Effect of melatonin versus placebo for the prevention of delirium among medically hospitalised older patients: a double-blinded randomised controlled trial (project RESTORE).
Al Alawi A, Al Busaidi S, et al. • BMJ open • 2026
Melatonin did not significantly reduce the incidence of delirium among medically hospitalised older patients compared to placebo, and the trial was terminated early due to futility.
Key Findings
Results
The overall incidence of delirium by day 5 was very low and did not differ significantly between melatonin and placebo groups.
Overall delirium incidence was 2.75% across all participants
Delirium incidence was 3.64% in the melatonin group versus 1.85% in the placebo group (p=1.000)
Delirium was assessed using the 3-Minute Diagnostic Confusion Assessment Method (3D-CAM)
Assessment was conducted within 5 days of hospitalisation
Both intention-to-treat (ITT) and per-protocol (PP) analyses yielded similar findings
Results
The trial was terminated early due to futility before reaching its planned sample size.
115 participants were recruited at termination, with 109 included in ITT analyses
55 participants were in the melatonin group (5 mg or 8 mg) and 54 in the placebo group
Early termination was driven by lower-than-expected numbers of outcome events
The study's reduced sample size limited its statistical power
The authors note findings 'should be interpreted with caution'
Results
No statistically significant difference in average sleep duration was found between melatonin and placebo groups.
Sleep duration comparison yielded p=0.136
Sleep was assessed as average sleep duration or sleep maintained during hospitalisation
Participants received melatonin (5 mg or 8 mg) or placebo nightly for up to 5 days
Results
28-day mortality did not differ significantly between the melatonin and placebo groups.
28-day mortality was 3.64% in the melatonin group versus 1.85% in the placebo group (p=1.000)
This was a pre-specified secondary outcome
Analyses followed the intention-to-treat principle
Results
28-day hospital readmission rates were similar between the melatonin and placebo groups.
Readmission rate was 21.82% in the melatonin group versus 20.37% in the placebo group (p=0.853)
28-day readmission was a pre-specified secondary outcome
No statistically significant difference was observed
Methods
The study was a single-centre, double-blinded, randomised, placebo-controlled trial conducted in general medical wards of a tertiary hospital in Oman.
Patients aged ≥65 years admitted within 24 hours to general medical wards were screened
Key exclusion criteria included prevalent delirium, vasopressor use, non-invasive ventilation, ICU or high-dependency unit admission, and aphasia
Participants received 5 mg or 8 mg of melatonin or placebo nightly for up to 5 days or until discharge, whichever came first
Analyses followed the intention-to-treat (ITT) principle with per-protocol (PP) analyses for robustness
The trial was registered under NCT06509191
What This Means
This research tested whether melatonin — a hormone the body naturally produces to regulate sleep — could prevent delirium (sudden confusion and disorientation) in hospitalized patients aged 65 and older. Patients admitted to general medical wards in a hospital in Oman were randomly assigned to receive either 5 mg or 8 mg of melatonin or a placebo pill each night for up to 5 days. The study found that melatonin did not reduce the rate of delirium compared to placebo, and there were also no meaningful differences in sleep duration, deaths within 28 days, or hospital readmissions within 28 days between the two groups.

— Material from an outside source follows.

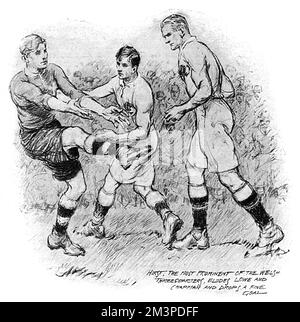 Una scena dalla partita di rugby Inghilterra/Galles nel Campionato delle cinque Nazioni 1914, disputata a Twickenham, che ha portato ad una vittoria nel 10-9 per l'Inghilterra. Qui, il giocatore gallese George Hirst elude i giocatori inglesi Lowe e Chapman per segnare un goal di caduta di trova. Data: 17 gennaio 1914 Foto Stock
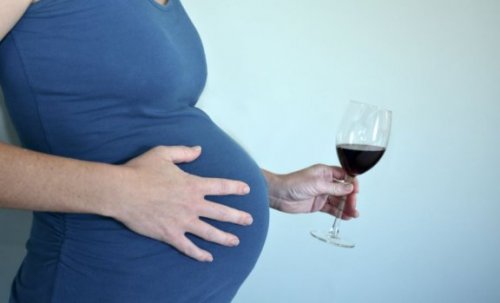 zwangere vrouw heeft een vol wijnglas in haar hand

The trial was stopped early because it became clear that not enough patients were developing delirium for the study to detect any meaningful difference between the groups — a situation called 'futility.' Only 109 patients were included in the final analysis instead of the originally planned number, which means the study may not have been large enough to detect a small but real benefit if one exists. The very low rate of delirium observed (under 4%) across both groups was lower than expected.
This research suggests that melatonin, at the doses and duration tested here, does not appear to prevent delirium in older hospitalized patients, but the early stopping of the trial means these results should be interpreted cautiously. The authors call for further, larger studies before any firm recommendations about melatonin use for delirium prevention can be made.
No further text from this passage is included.